0

I have the following SQL (mysql) query, and I would like to convert it to MongoDB. It is basically getting the top 1 document in every group:

SELECT A.* 
FROM ads AS A
INNER JOIN (SELECT id 
            FROM ads
            WHERE userId = 1
            GROUP BY ad_code
            HAVING MAX(ad_timestamp)) AS B ON B.id = A.id

From what I have read so far there are several ways to aggregate data in MongoDB (more info at MongoDB aggregation comparison: group(), $group and MapReduce):

  • group (does not work on sharded collections)
  • MapReduce
  • $group

I am trying to solve this with the MongoDB aggregation framework.
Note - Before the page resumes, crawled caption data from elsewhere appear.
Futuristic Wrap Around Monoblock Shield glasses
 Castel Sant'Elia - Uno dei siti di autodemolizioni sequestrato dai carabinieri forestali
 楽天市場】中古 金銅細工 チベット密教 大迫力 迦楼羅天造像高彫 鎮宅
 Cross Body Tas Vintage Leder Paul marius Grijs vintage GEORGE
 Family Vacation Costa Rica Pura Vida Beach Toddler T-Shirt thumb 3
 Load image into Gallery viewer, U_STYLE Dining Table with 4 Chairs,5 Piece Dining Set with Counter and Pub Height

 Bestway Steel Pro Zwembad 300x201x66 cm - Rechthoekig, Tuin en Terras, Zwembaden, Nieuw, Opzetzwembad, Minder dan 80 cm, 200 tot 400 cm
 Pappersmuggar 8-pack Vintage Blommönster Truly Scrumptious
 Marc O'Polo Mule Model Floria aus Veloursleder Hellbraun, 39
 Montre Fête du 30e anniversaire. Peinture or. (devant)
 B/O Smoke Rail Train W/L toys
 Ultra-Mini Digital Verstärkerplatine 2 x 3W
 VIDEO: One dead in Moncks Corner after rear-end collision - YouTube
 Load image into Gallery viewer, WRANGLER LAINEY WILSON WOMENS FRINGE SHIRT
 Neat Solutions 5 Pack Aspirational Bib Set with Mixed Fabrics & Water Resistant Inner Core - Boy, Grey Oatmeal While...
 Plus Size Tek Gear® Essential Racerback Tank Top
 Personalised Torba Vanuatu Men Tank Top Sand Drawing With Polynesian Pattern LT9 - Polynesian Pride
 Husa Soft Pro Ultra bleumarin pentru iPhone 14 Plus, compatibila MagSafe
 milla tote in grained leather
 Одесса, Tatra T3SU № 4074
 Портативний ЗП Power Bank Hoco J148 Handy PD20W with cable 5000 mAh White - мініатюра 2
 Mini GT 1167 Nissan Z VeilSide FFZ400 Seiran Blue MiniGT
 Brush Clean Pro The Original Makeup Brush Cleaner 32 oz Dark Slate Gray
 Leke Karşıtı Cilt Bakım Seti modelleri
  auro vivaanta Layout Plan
So far I have this:

db.ads.aggregate([
    { $match: { userId: ObjectId("5976e215769d8a4a4d75c514") } },
    { 
        $group: { 
            _id: "$ad_code", 
            latestTimestamp: { $max: "$ad_timestamp" },
        }
    }
])

But this does not return the _ids of the matching documents, just the ad code and max timestamp, so I cannot use the data to get whole documents.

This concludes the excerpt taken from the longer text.